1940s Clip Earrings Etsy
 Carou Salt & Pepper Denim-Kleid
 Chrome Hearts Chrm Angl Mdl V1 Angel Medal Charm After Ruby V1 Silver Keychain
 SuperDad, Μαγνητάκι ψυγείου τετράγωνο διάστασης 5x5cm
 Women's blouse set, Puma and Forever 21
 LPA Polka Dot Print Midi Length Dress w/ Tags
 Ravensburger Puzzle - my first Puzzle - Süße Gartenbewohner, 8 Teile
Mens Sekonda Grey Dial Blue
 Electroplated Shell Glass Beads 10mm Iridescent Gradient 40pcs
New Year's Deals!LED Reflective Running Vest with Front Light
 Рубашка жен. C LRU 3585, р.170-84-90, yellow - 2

======

_WORK INSTRUCTION:_
Transcribe the material above in its entirety. Match it exactly.

_RESPONSE TO THE EXERCISE:_
1940s Clip Earrings Etsy
 Carou Salt & Pepper Denim-Kleid
 Chrome Hearts Chrm Angl Mdl V1 Angel Medal Charm After Ruby V1 Silver Keychain
 SuperDad, Μαγνητάκι ψυγείου τετράγωνο διάστασης 5x5cm
 Women's blouse set, Puma and Forever 21
 LPA Polka Dot Print Midi Length Dress w/ Tags
 Ravensburger Puzzle - my first Puzzle - Süße Gartenbewohner, 8 Teile
Mens Sekonda Grey Dial Blue
 Electroplated Shell Glass Beads 10mm Iridescent Gradient 40pcs
New Year's Deals!LED Reflective Running Vest with Front Light
 Рубашка жен. C LRU 3585, р.170-84-90, yellow - 2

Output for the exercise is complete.